China’s environmental problems are causing significant health and economic issues for the country. Coal burning is having a serious impact on people’s health. But China’s pollution is also affecting the economy; between 2000 and 2010 an annual loss of 6.5 per cent of GDP was attributed to pollution and this figure is increasing with industrialisation.
It’s no secret that China is facing serious environmental problems. We’ve seen this “economic prosperity first, environmental protection later” pattern before. Ever since the country opened up and started taking reforms seriously, developed countries have been patting China on the back for their substantial economic growth, while simultaneously shaking their heads at the massive environmental destruction.
But while developed countries point fingers at China and are disappointed with the environmental degradation, they don’t realise they are being hypocritical. They seem to have conveniently forgotten that they did the exact same thing years ago.
Today the US and Britain appear to be highly developed countries, with far less pollution than China. However, we’ve forgotten that they are like this because they were fortunate to have gone through their industrial revolutions more than 200 years ago.
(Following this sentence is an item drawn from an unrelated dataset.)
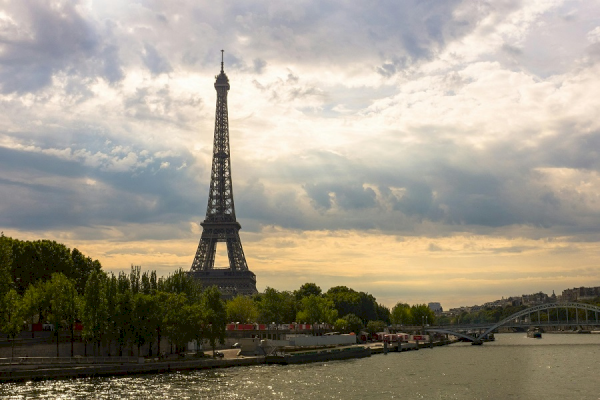 Travel to France: A Journey of Culture, Cuisine, and Charm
Both countries began industrialising around the 1800s, but it wasn’t until the late 1900s that the American and British governments took any environmental action.
When the US and Britain finally took their first real steps to protect the environment, their GDP was similar to what China’s was in 2013: 6,626.
At the same time as these changes were taking place in the US and Britain, China was still in the middle of the Cultural Revolution, with a GDP of 112 in 1970. That means that in just 30 years, they have made serious progress, both economically and environmentally.
The US and Britain went through 100 years of industrial revolution before they stopped to think about the environment. China on the other hand, brought in environmental laws at the same time as industrial changes. Instead of talking down to China, the US and UK should encourage her to continue to make better decisions than they did.